*** Opening RAW DATA ***

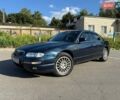 Синий Мазда Кседос 9, объемом двигателя 2.5 л и пробегом 285 тыс. км за 3200 $, фото 84 на Automoto.ua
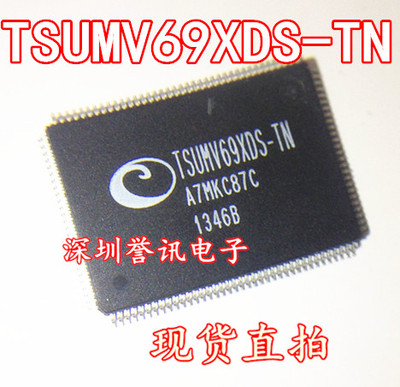 （直拍）全新原装 TSUMV69XDS-TN TSUMV69XDS-Z1-ST  液晶屏芯片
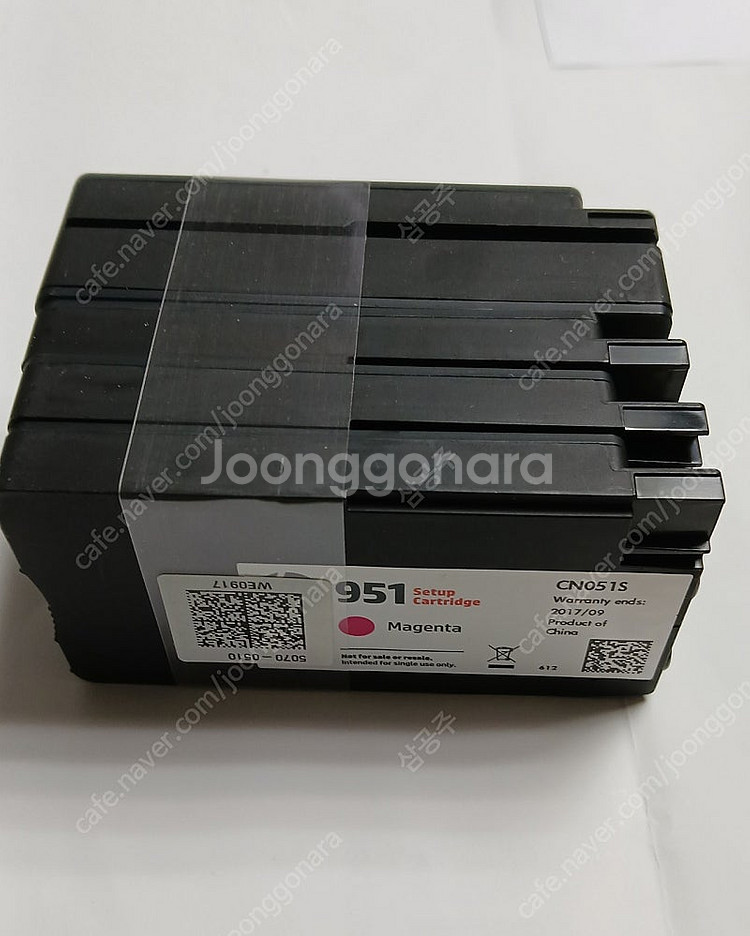 HP 951 정품번들잉크 미사용품 팝니다.--0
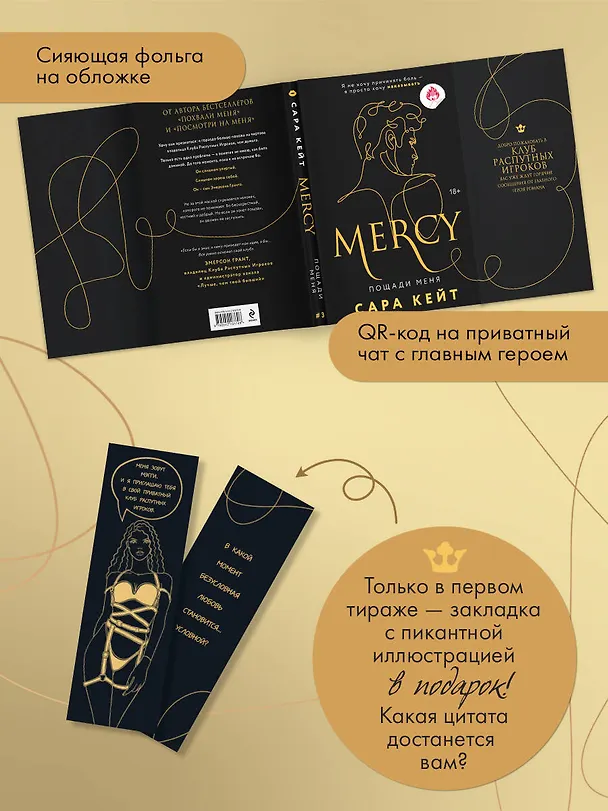 Книга Пощади меня (Сара Кейт) — 8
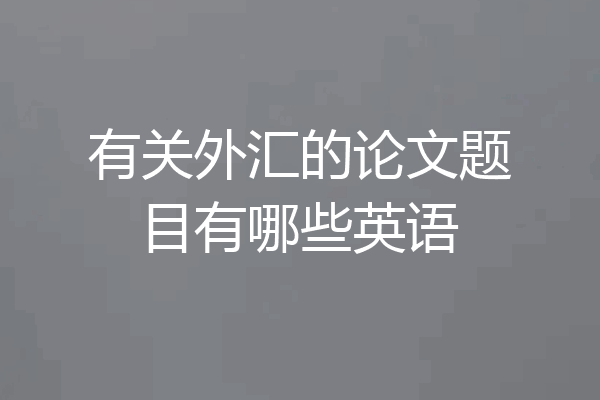 有关外汇的论文题目有哪些英语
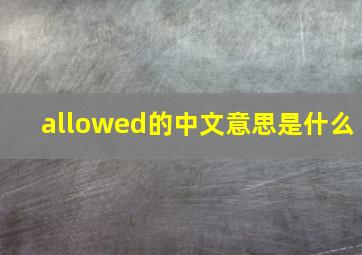 allowed的中文意思是什么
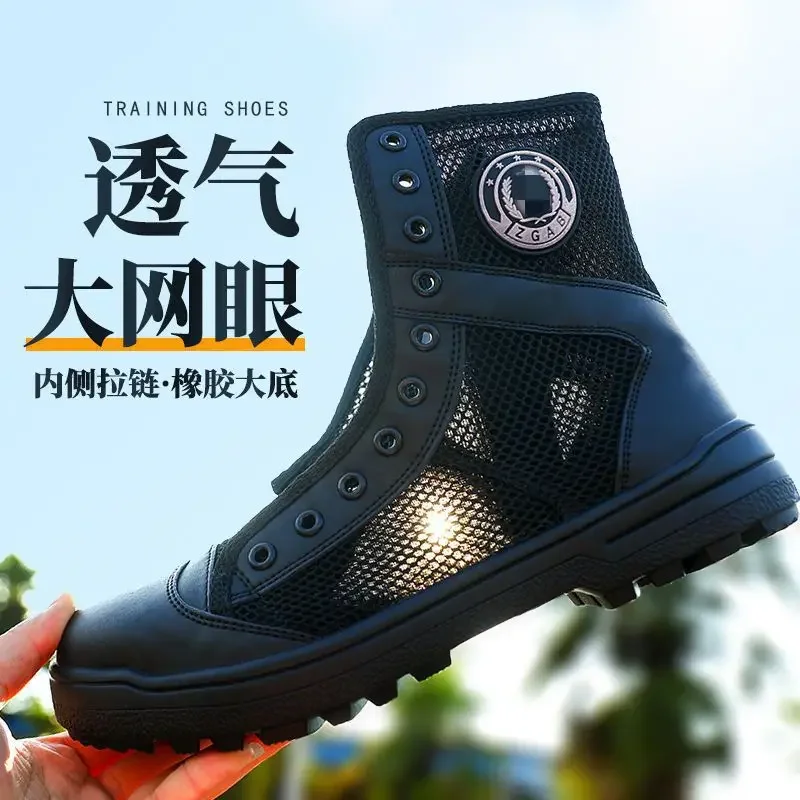 Outdoor Sports Shoes - 夏用メッシュ通気性トレーニングブーツ メンズハイカット安全靴 アウトドアタクティカルブーツ メンズ超軽量ランドブーツ 簡単ジップ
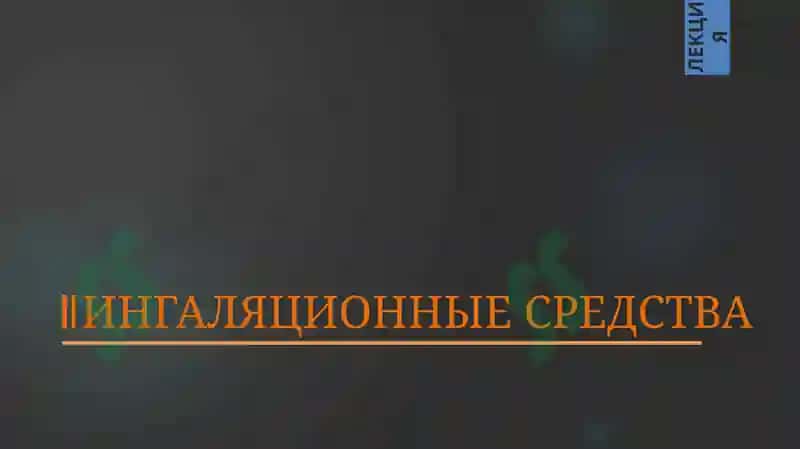 Общее обезболивание в стоматологии 5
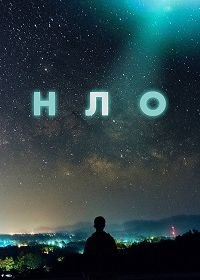 НЛО (2021) UFO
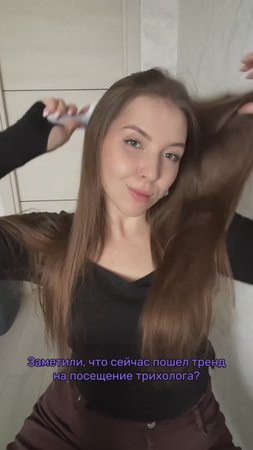 Чистые расчески и волосы - спасибо очистителю с описания 👇🏼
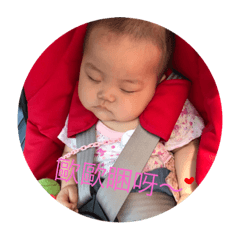 baby love you family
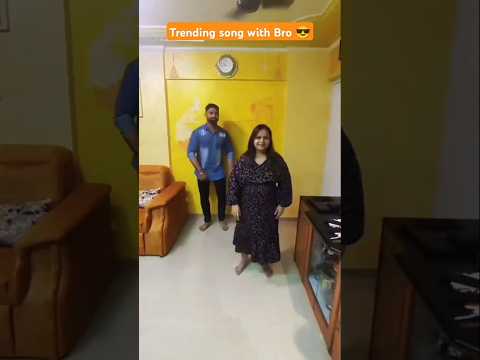 Swati Gawas Dance reel by me and my cousin bro intrested in marathi serial small role in family decent serial li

*** Closing RAW DATA ***

TASK PROMPT: Word for word, restate the lines from the line with "有关外汇的论文题目有哪些英语" through the last line of the entries, and nothing beyond them. Omit pictures.

EXERCISE ANSWER:
 有关外汇的论文题目有哪些英语
 allowed的中文意思是什么
 Outdoor Sports Shoes - 夏用メッシュ通気性トレーニングブーツ メンズハイカット安全靴 アウトドアタクティカルブーツ メンズ超軽量ランドブーツ 簡単ジップ
 Общее обезболивание в стоматологии 5
 НЛО (2021) UFO
 Чистые расчески и волосы - спасибо очистителю с описания 👇🏼
 baby love you family
 Swati Gawas Dance reel by me and my cousin bro intrested in marathi serial small role in family decent serial li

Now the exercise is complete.